> **Your objective**: Nothing but the lines from the first line of the records through the line with "Parte frontale di" should be output, exactly as written and free of pictures.

------------------------------------------------------------------------

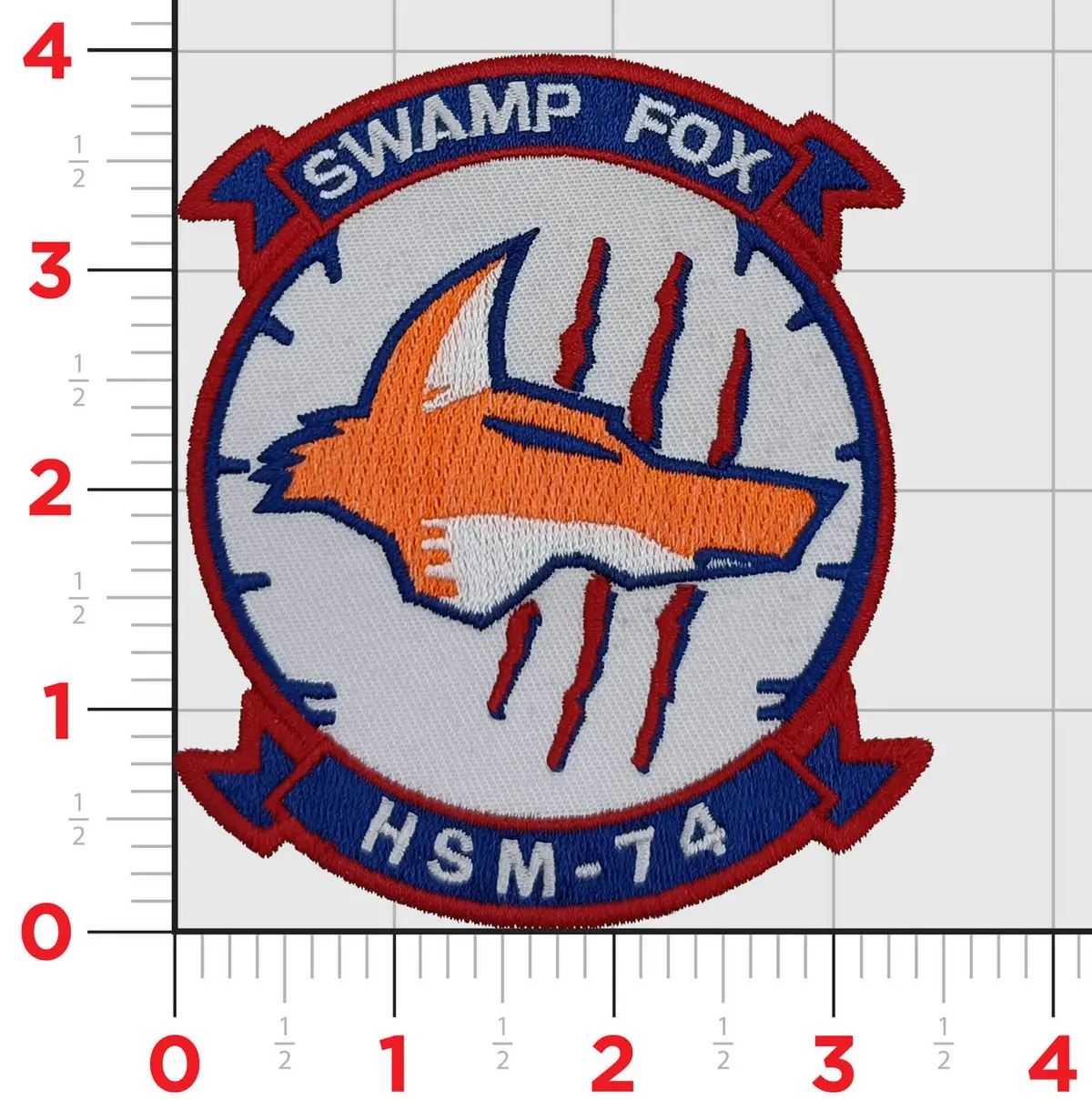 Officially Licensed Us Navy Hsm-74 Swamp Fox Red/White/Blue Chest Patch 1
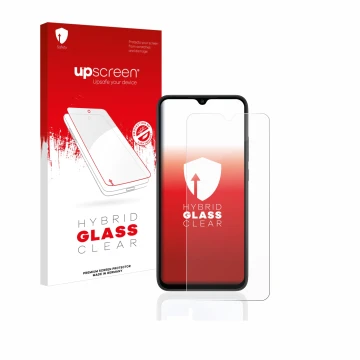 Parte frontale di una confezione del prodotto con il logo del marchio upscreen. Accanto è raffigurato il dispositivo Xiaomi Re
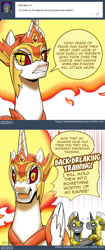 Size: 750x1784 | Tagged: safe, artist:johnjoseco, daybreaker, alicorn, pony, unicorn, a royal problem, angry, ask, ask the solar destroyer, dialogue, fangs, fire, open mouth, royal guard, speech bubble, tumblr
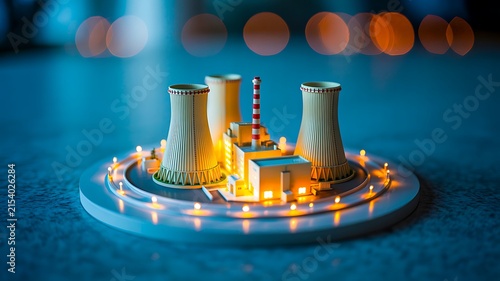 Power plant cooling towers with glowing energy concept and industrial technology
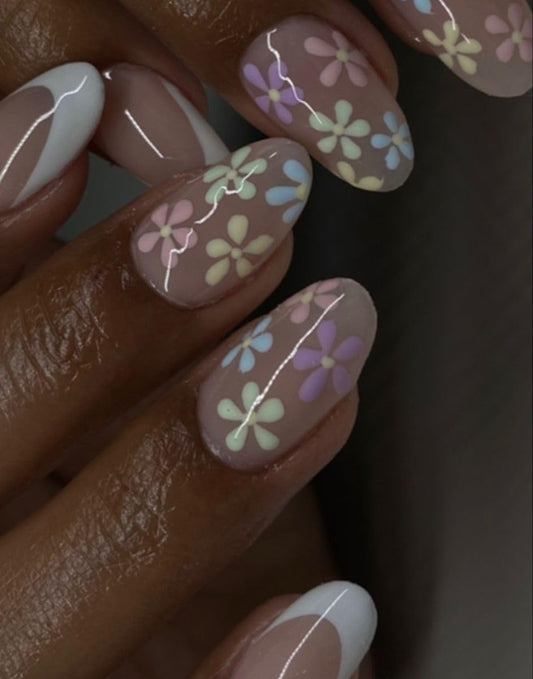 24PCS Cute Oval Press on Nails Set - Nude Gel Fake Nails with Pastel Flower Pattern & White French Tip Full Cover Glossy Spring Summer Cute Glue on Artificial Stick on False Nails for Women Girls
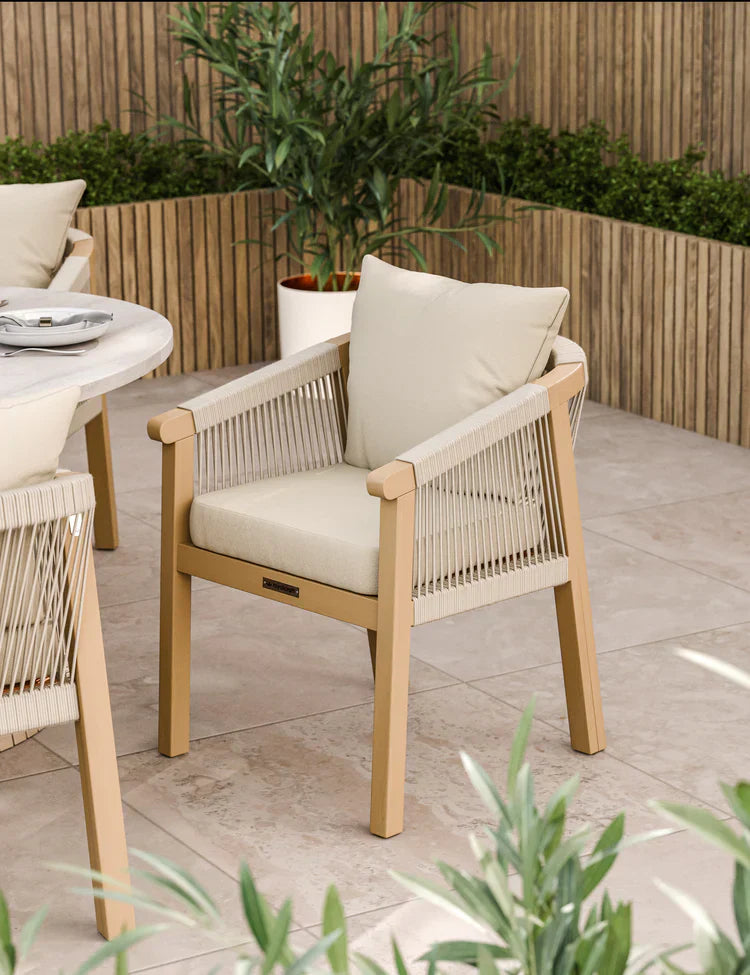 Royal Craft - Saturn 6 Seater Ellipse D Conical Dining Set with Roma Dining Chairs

------------------------------------------------------------------------

> **Written answer**:
 Officially Licensed Us Navy Hsm-74 Swamp Fox Red/White/Blue Chest Patch 1
 Parte frontale di una confezione del prodotto con il logo del marchio upscreen. Accanto è raffigurato il dispositivo Xiaomi Re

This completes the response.